Start of Block

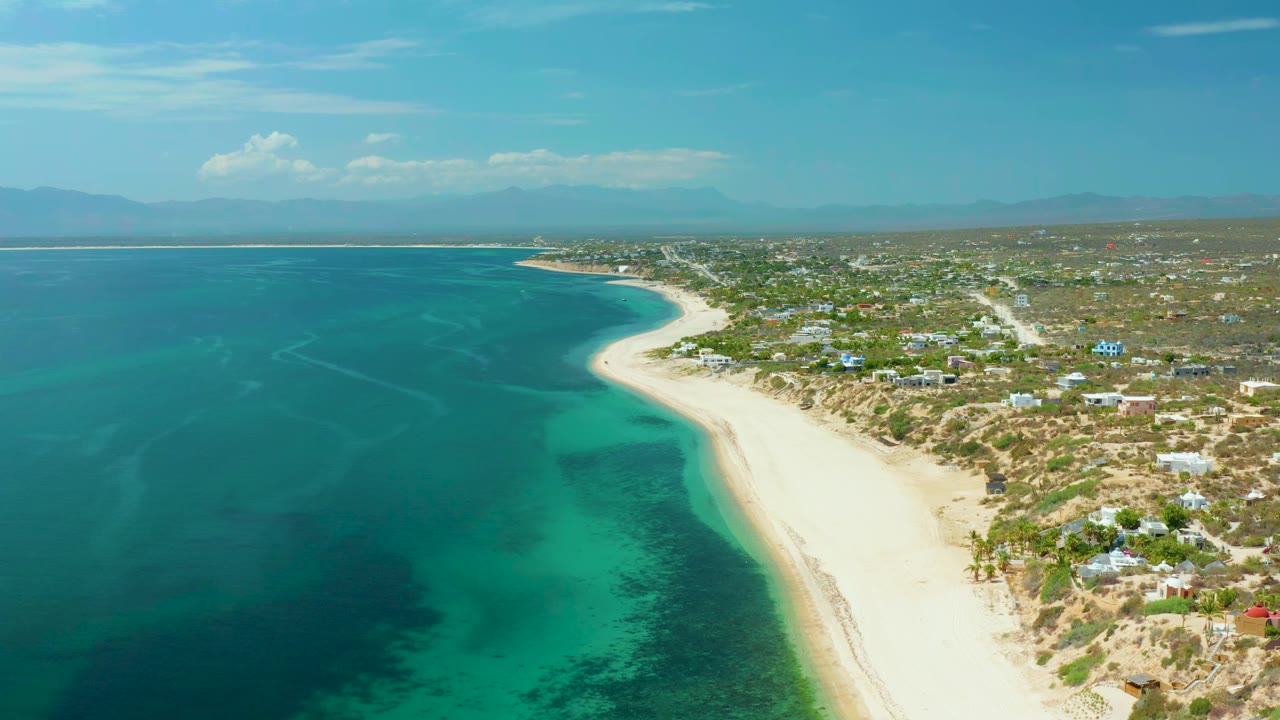 High coastal view with blue ocean, pale beach, dunes, and scattered buildings.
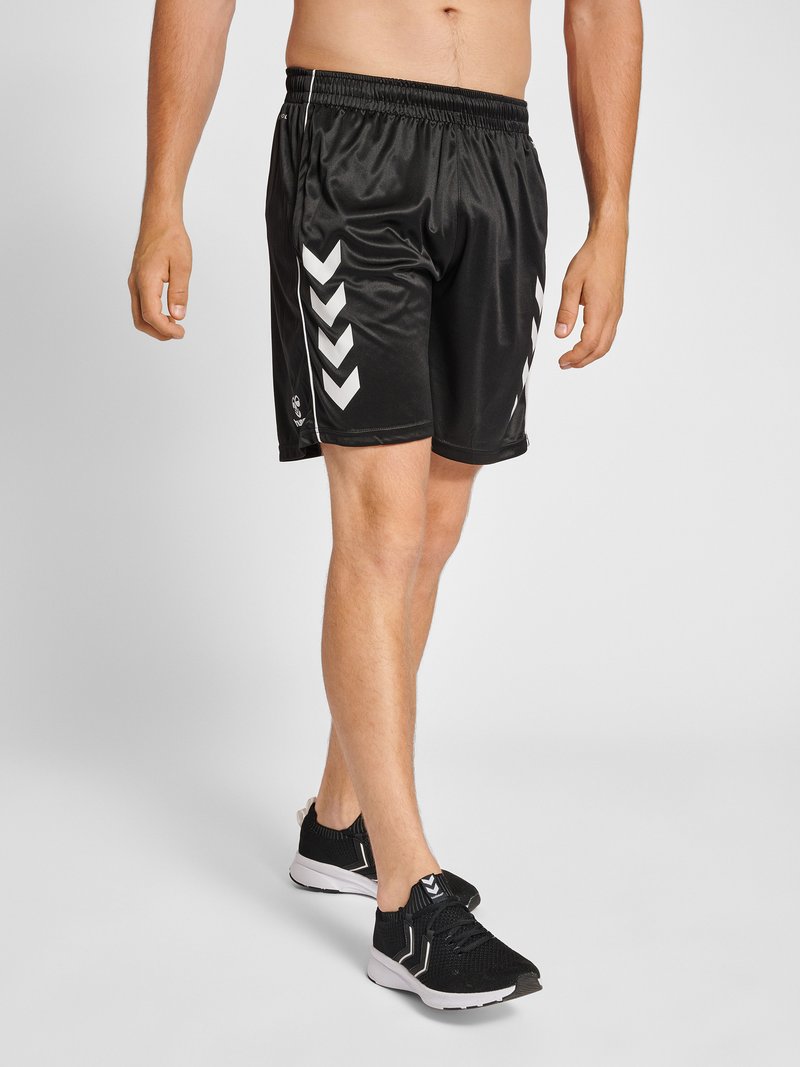 Mann trägt schwarze Sportshorts mit weißen Chevron-Streifen und schwarze Sportschuhe und steht vor einem einfarbigen Hintergrund.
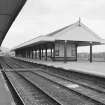 View of Aviemore Railway Station from SSW showing iron-framed shelter.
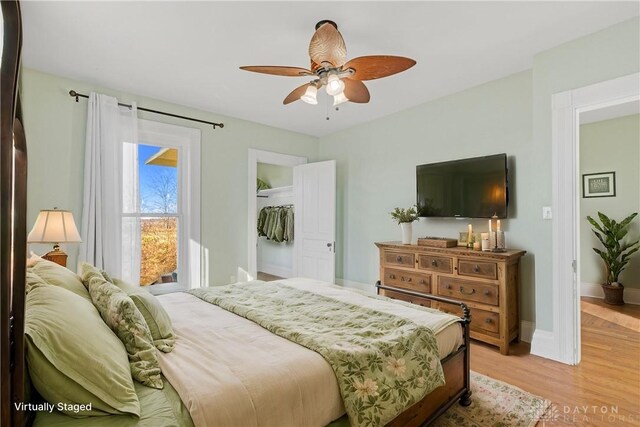 bedroom featuring ceiling fan, a closet, and light hardwood / wood-style flooring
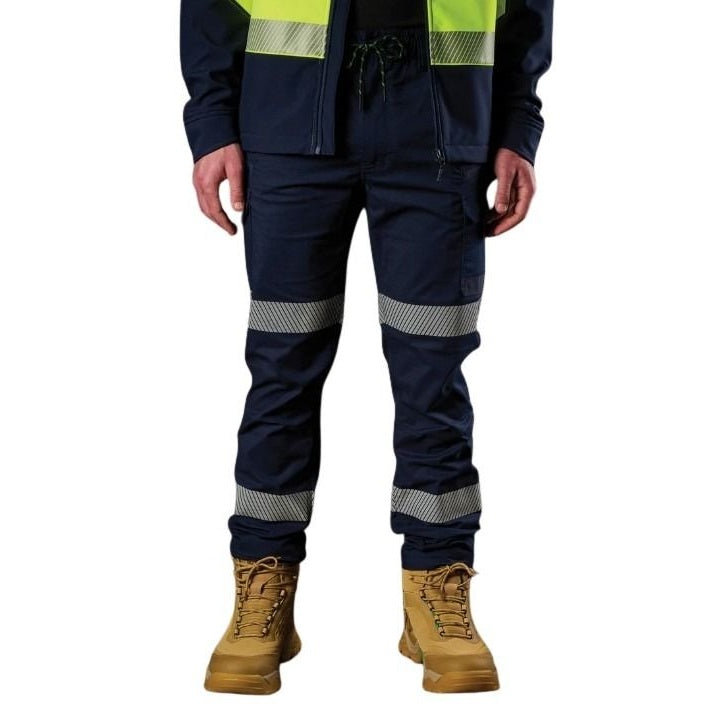 Navy work pants with reflective stripes and tan boots on a white background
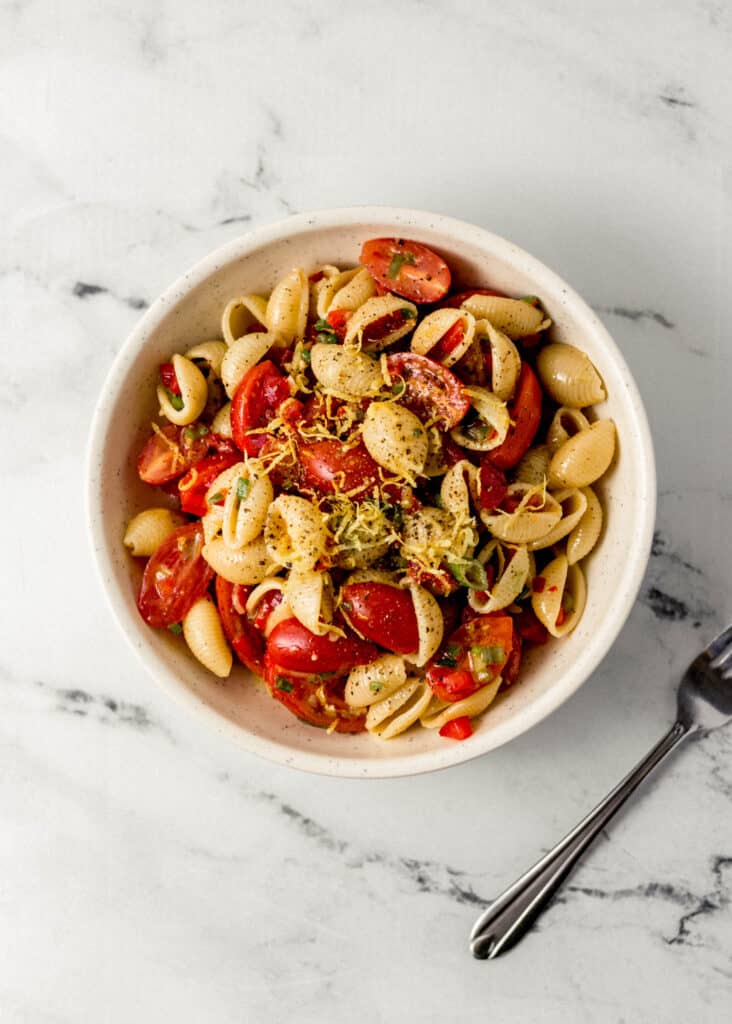 overhead view of pasta salad in a white bowl beside a fork on marble surface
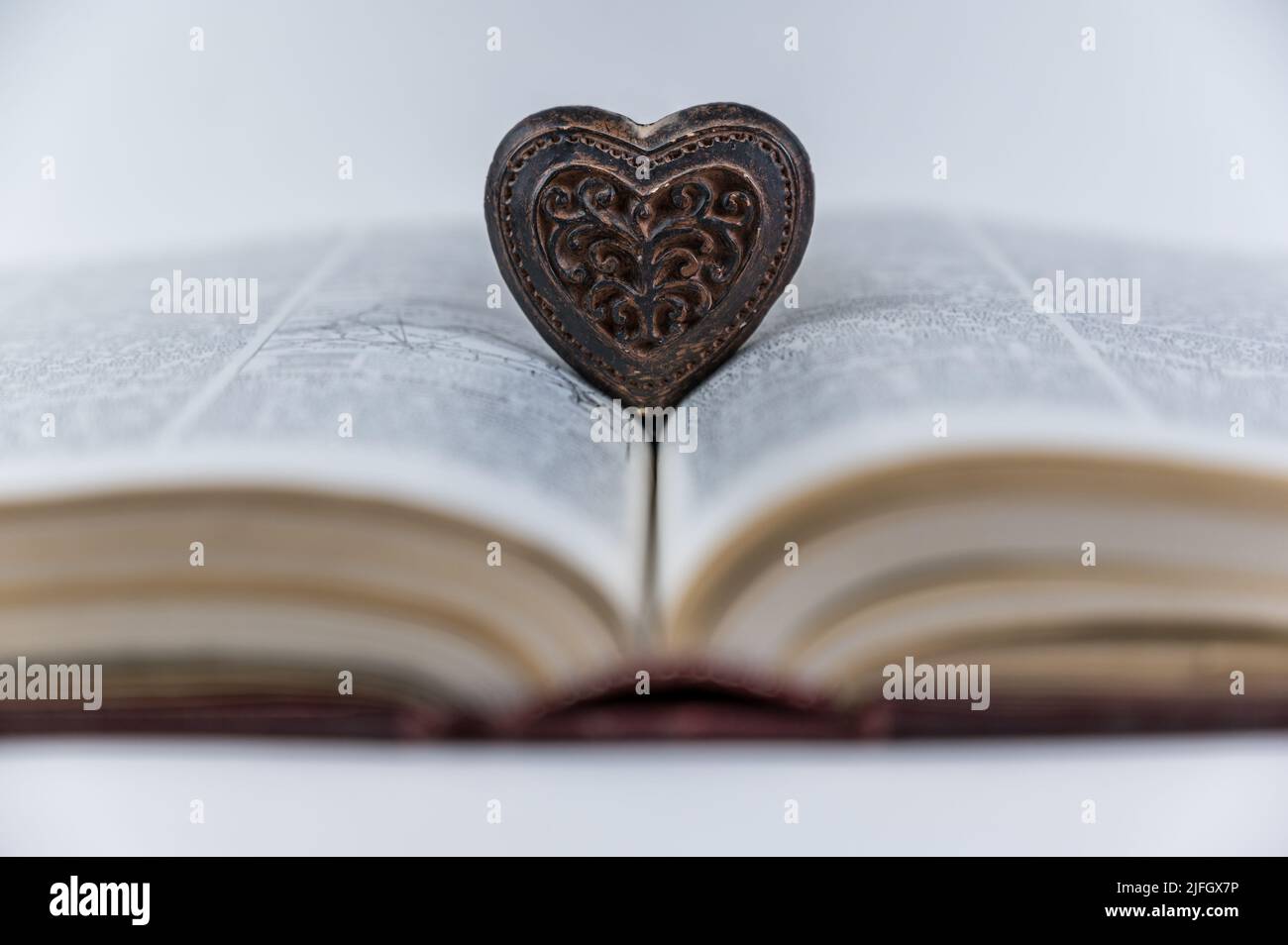 Herzförmige Holzfigur. Großes offenes Buch. Enzyklopädie in rotem Hardcover. Braunes Amulett mit Holzschnitzerei. Nahaufnahme. Selektiver Fokus. Stockfoto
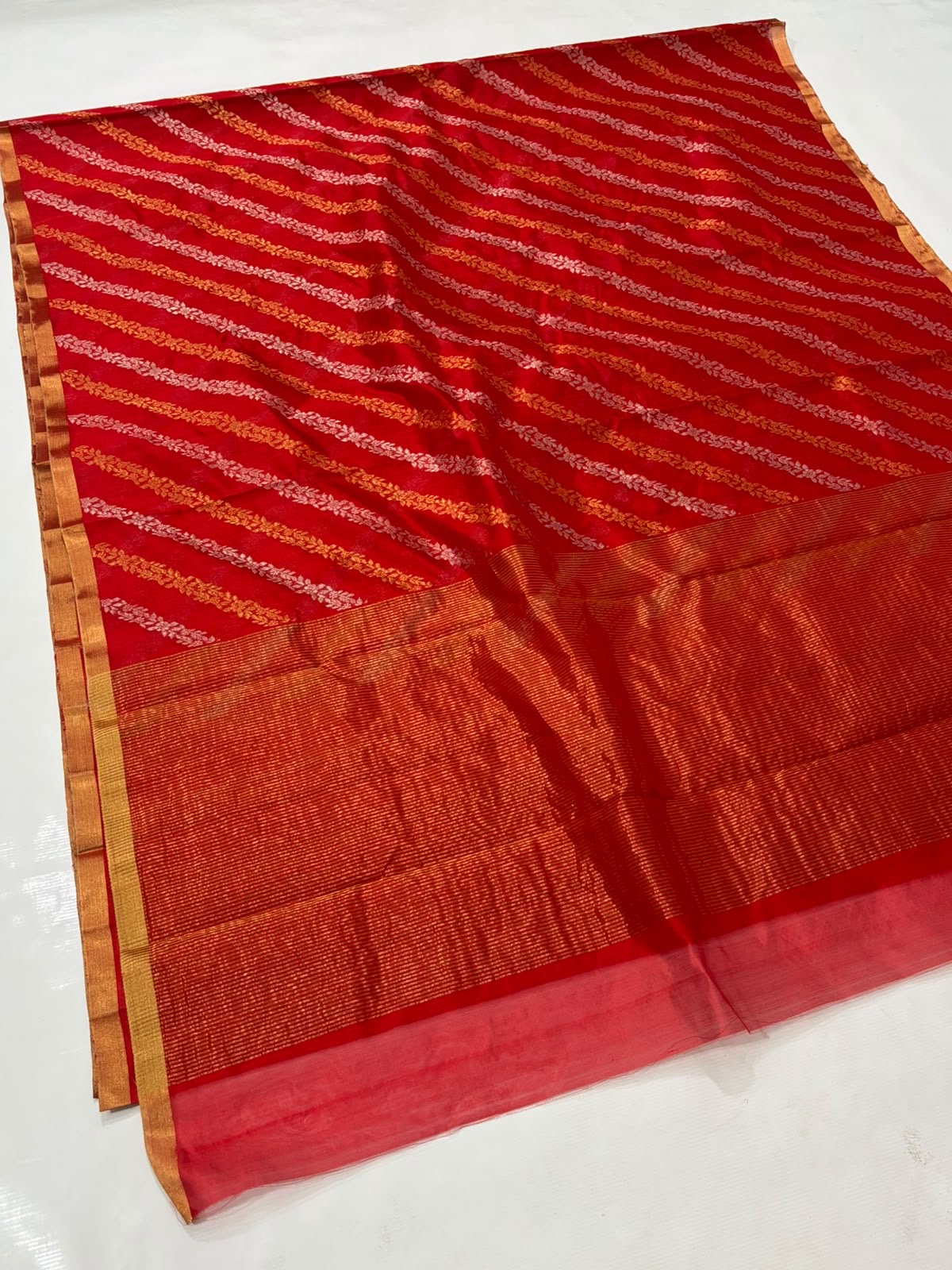 Vermilion Red handloom Pattu Silk Chanderi saree with orange and rose woven stripes, gold edging and metallic pallu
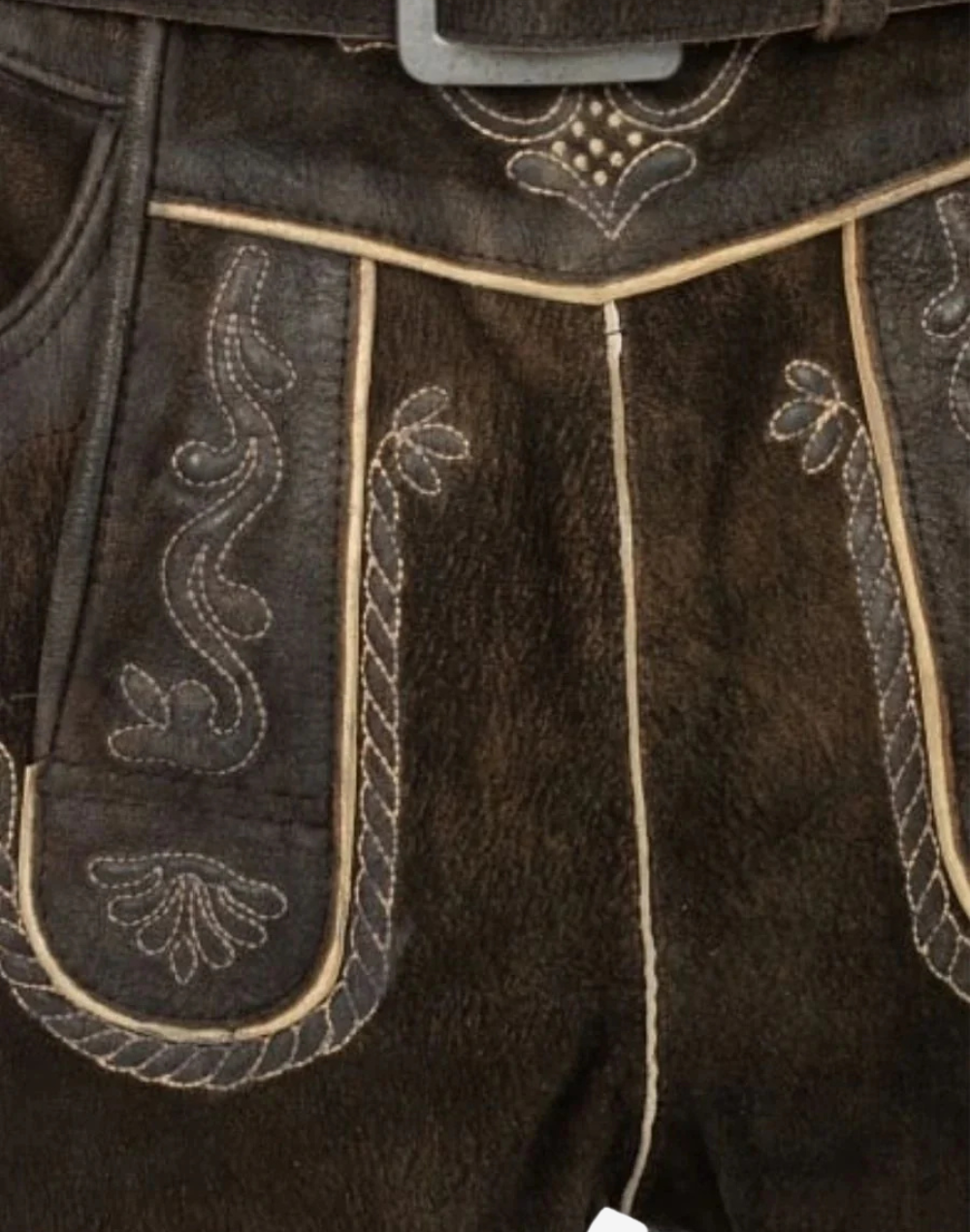 Men Regal Crest Lederhosen close-up of embroidered front bib stitching with contrast piping and decorative pattern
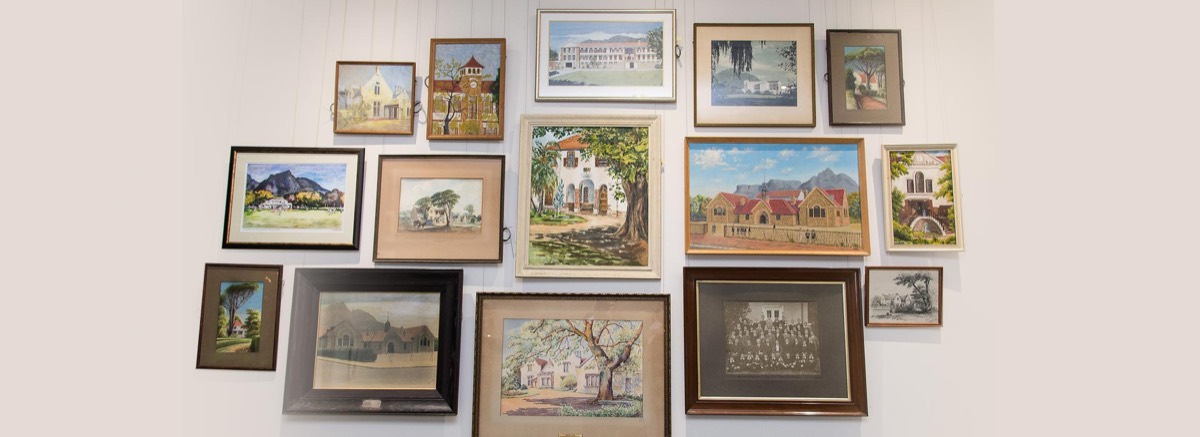 Watercolours of the school through the years on display in the Old Boys' Union Heritage Centre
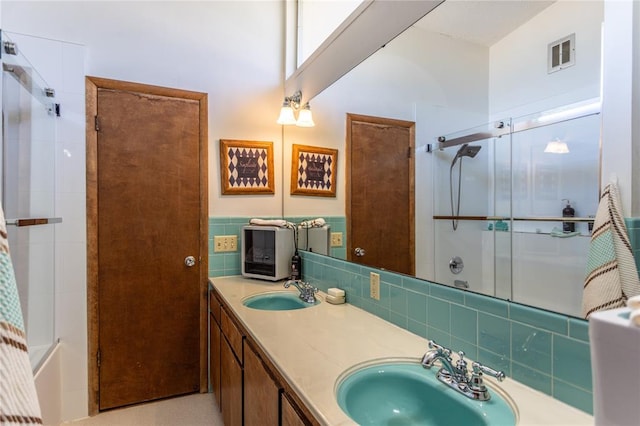 bathroom featuring vanity and bath / shower combo with glass door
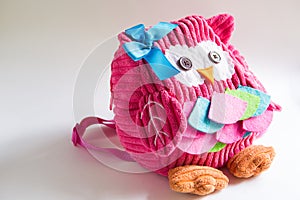 Toy pink backpack for girls in the shape of an owl with eyes buttons, applique, ribbon and embroidery. Handmade, DIY with children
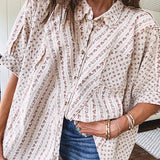 Oversized cotton blend khaki dolman style button front top with raw seams, cuffed short sleeves and dainty floral patterns in spice with mixed textures.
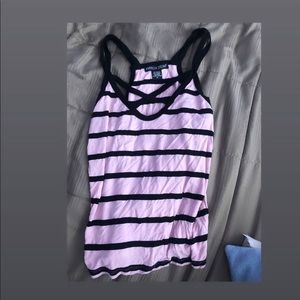 Pink and black tanktop with a criss cross 😘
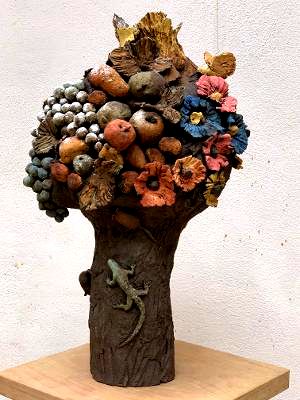 Kleine, dekorative Baumskulptur mit strukturiertem Stamm und farbenfroher Blüten- und Kieselkrone auf einem Holzsockel
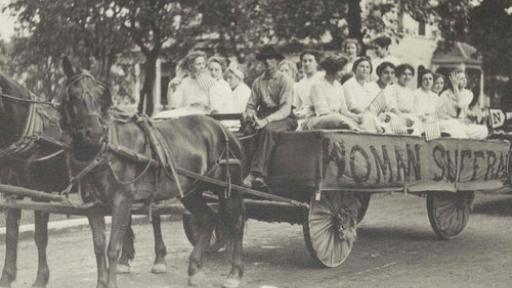 Photo of suffragettes in a horse drawn cart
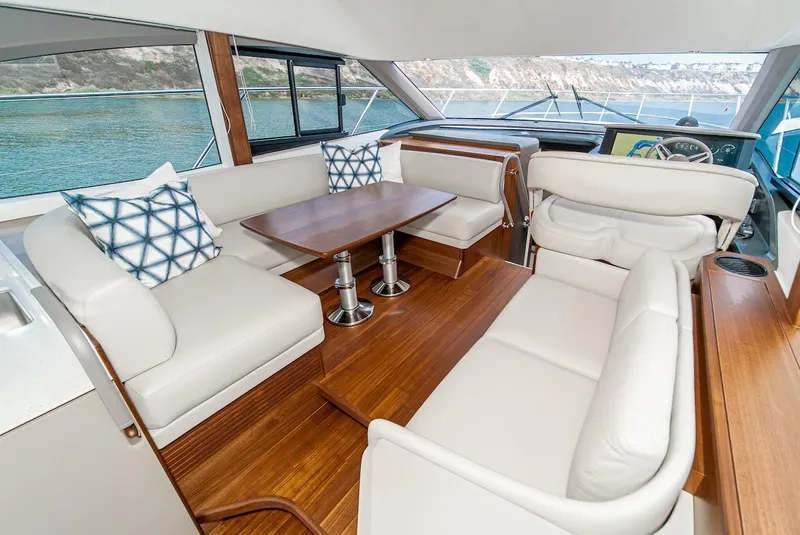 Slide: The Image of Luxurious interior of the 2024 Princess F45 yacht with elegant seating and wooden table. - 30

End of Block

Action item:
Print exactly the lines from the line with "Navy work pants" through the end of the data, both ends included, and print no pictures.

Answer for this exercise:
 Navy work pants with reflective stripes and tan boots on a white background
 overhead view of pasta salad in a white bowl beside a fork on marble surface
 Herzförmige Holzfigur. Großes offenes Buch. Enzyklopädie in rotem Hardcover. Braunes Amulett mit Holzschnitzerei. Nahaufnahme. Selektiver Fokus. Stockfoto
 Vermilion Red handloom Pattu Silk Chanderi saree with orange and rose woven stripes, gold edging and metallic pallu
 Men Regal Crest Lederhosen close-up of embroidered front bib stitching with contrast piping and decorative pattern
 Watercolours of the school through the years on display in the Old Boys' Union Heritage Centre
 bathroom featuring vanity and bath / shower combo with glass door
 Toy pink backpack for girls in the shape of an owl with eyes buttons, applique, ribbon and embroidery. Handmade, DIY with children
 Oversized cotton blend khaki dolman style button front top with raw seams, cuffed short sleeves and dainty floral patterns in spice with mixed textures.
 Pink and black tanktop with a criss cross 😘
 Kleine, dekorative Baumskulptur mit strukturiertem Stamm und farbenfroher Blüten- und Kieselkrone auf einem Holzsockel
 Photo of suffragettes in a horse drawn cart
 Slide: The Image of Luxurious interior of the 2024 Princess F45 yacht with elegant seating and wooden table. - 30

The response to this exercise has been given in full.